The media fixation on the largest Republican field of presidential candidates in history misses the very real crisis Democrats are facing as their slam-dunk nominee’s campaign unravels before their eyes. A year ago virtually everyone agreed that Hillary Rodham Clinton would not only be easily nominated, but was the odds-on favorite to succeed President Obama. Now with the FBI on her tail, a string of less than inspiring appearances and interviews and polls showing her fading, Democrats are faced with the question of what to do if her campaign collapses.

Vermont Sen. Bernard Sanders has been the main problem for her until recently. He’s surged in the polls on the strength of his populist-socialist message and closed the gap to just a few points in some early state polls. With Hillary’s approval ratings, especially on the issue of “trustworthiness,” in the tank, some in the Democratic Party, and especially the Obama White House, have been casting about for a more viable candidate. Many of them liken Mr. Sanders’ challenge of Mrs. Clinton to Minnesota Sen. Eugene McCarthy’s crusade against Lyndon Johnson in 1968. By demonstrating that, in essence, the emperor wore no clothes, McCarthy opened the door to more serious alternatives to the failed president.

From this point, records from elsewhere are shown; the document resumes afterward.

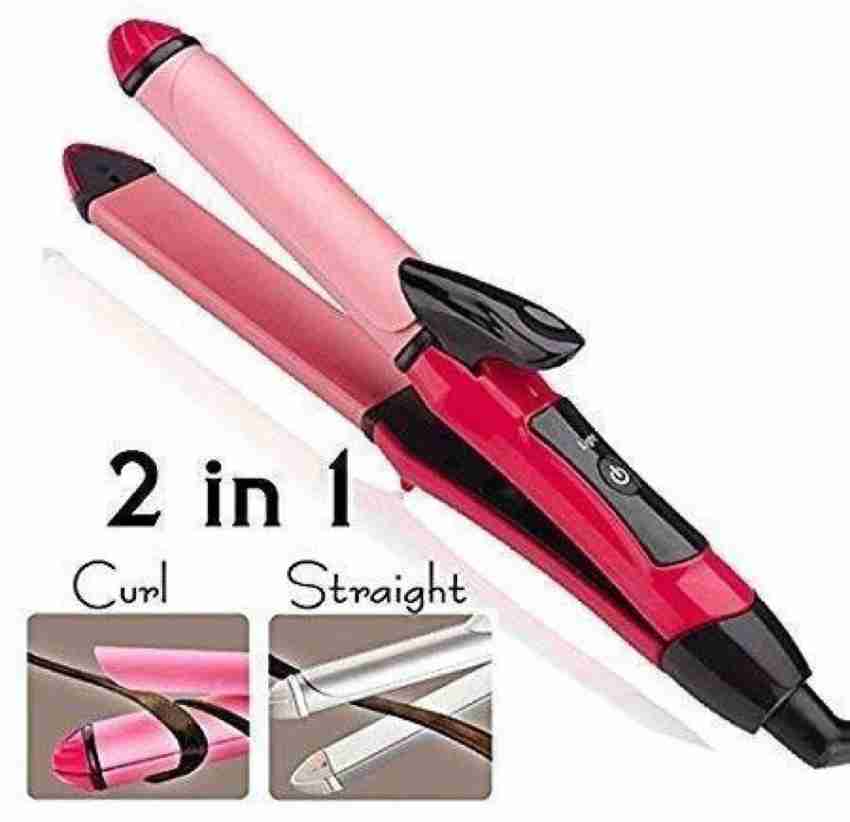 Nova on sale hair straightener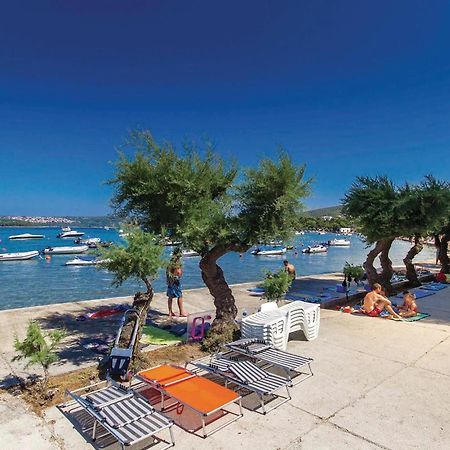 Gorgeous Apartment In Krk With Wifi Punat Kültér fotó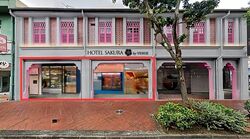 Joo Chiat Road (D15), Retail #466405081
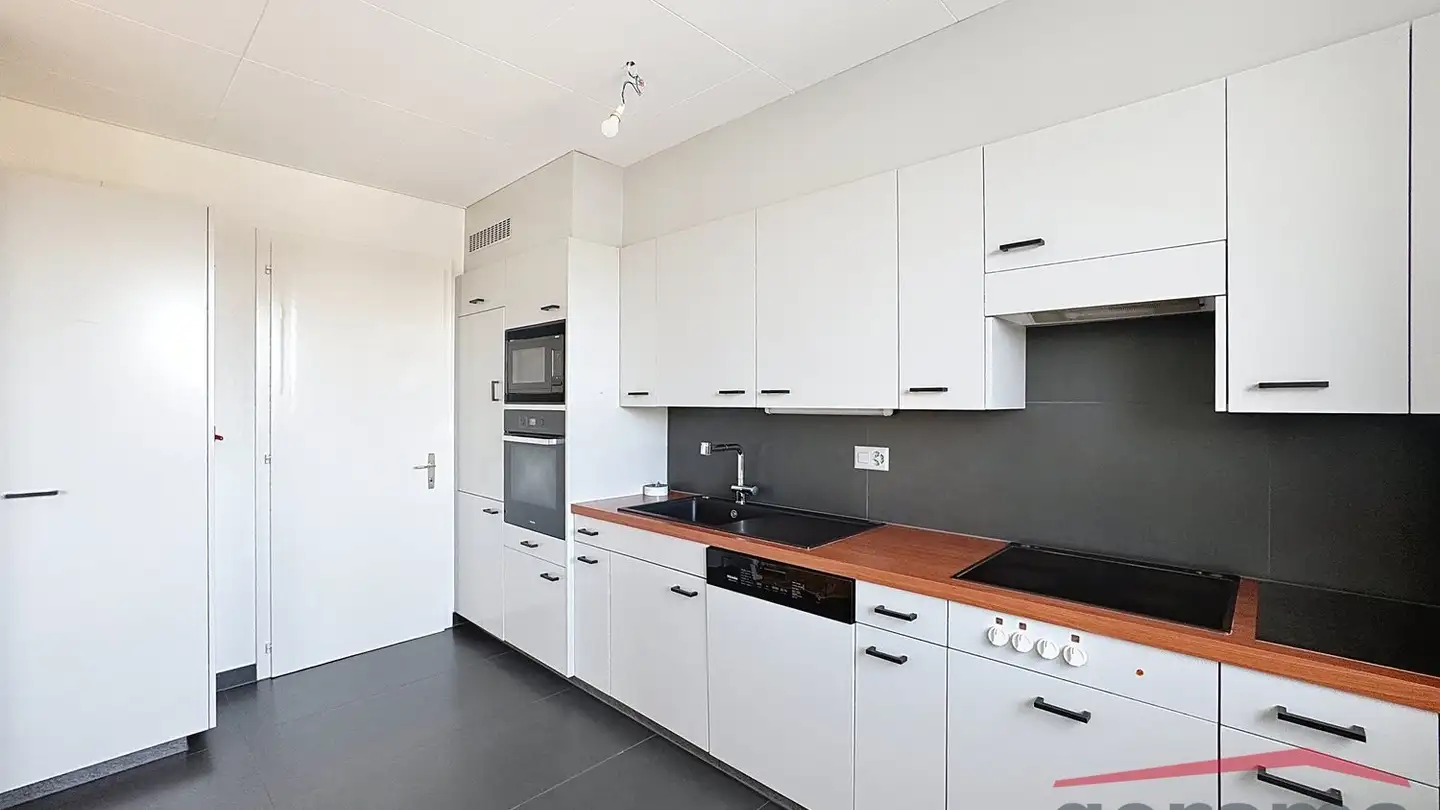 Appartement à louer - Boulevard De Pérolles 24, 1700 Fribourg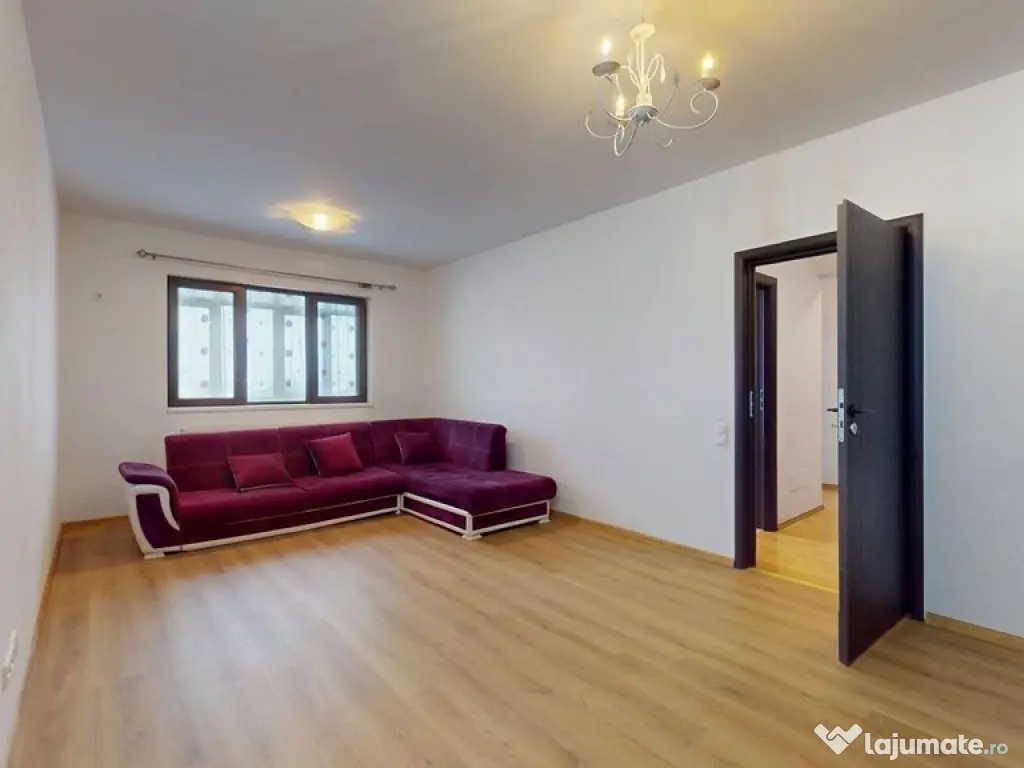 Apartament 2 camere 61 mp, mobilat și utilat, Șos. Chit... 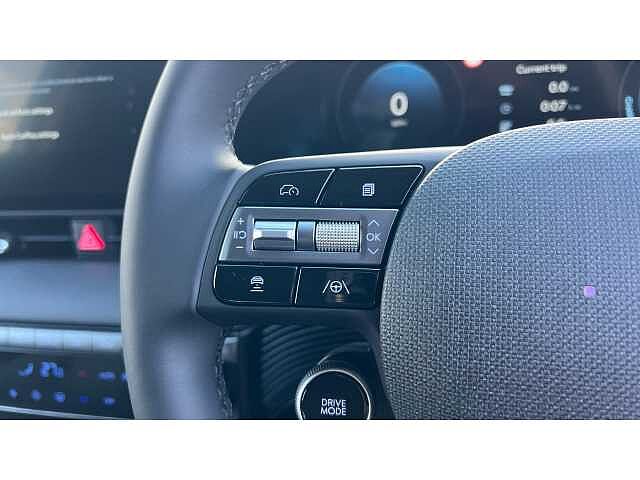 Hyundai IONIQ 5 IONIQ 5 168kW Ultimate 84 kWh 5dr Auto Celadon Grey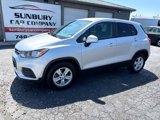 Used 2020 Chevrolet Trax LS w/ Tint and Cruise Package image 2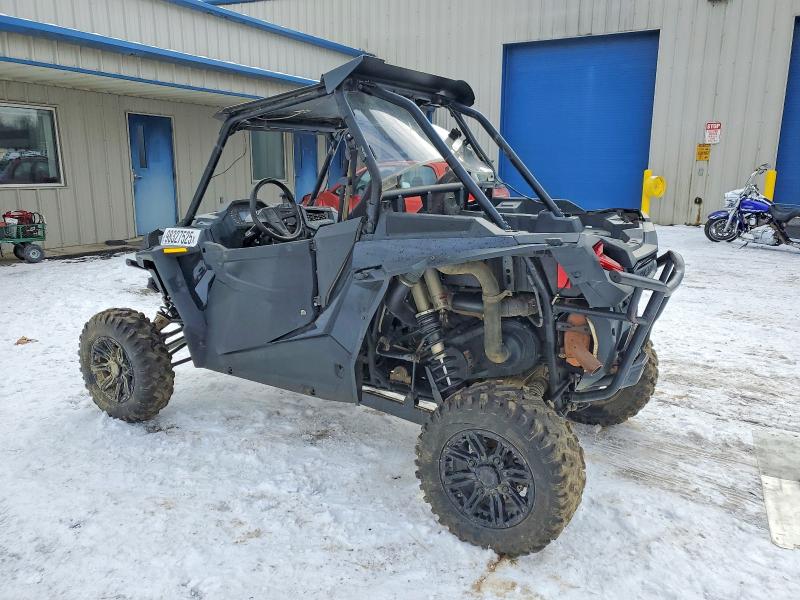 Продажа на аукционе авто 2022 Pola Rzr, vin: 3NSNAE994NN477447, номер лота: 98327525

Vice president Joe Biden’s name is now being discussed as a potentially viable alternative — and not just by Joe and his friends. It is even believed by many in Washington that Mr. Obama’s political team which, like their boss, has never held Mrs. Clinton in high regard, have been periodically fueling the Biden speculation. Mr. Obama’s spokesperson has said that picking Joe Biden was the best political decision the president had ever made; better, one can only assume, than selecting Mrs. Clinton as his secretary of state. It has even been reported that the president has given Mr. Biden his “blessing” to run.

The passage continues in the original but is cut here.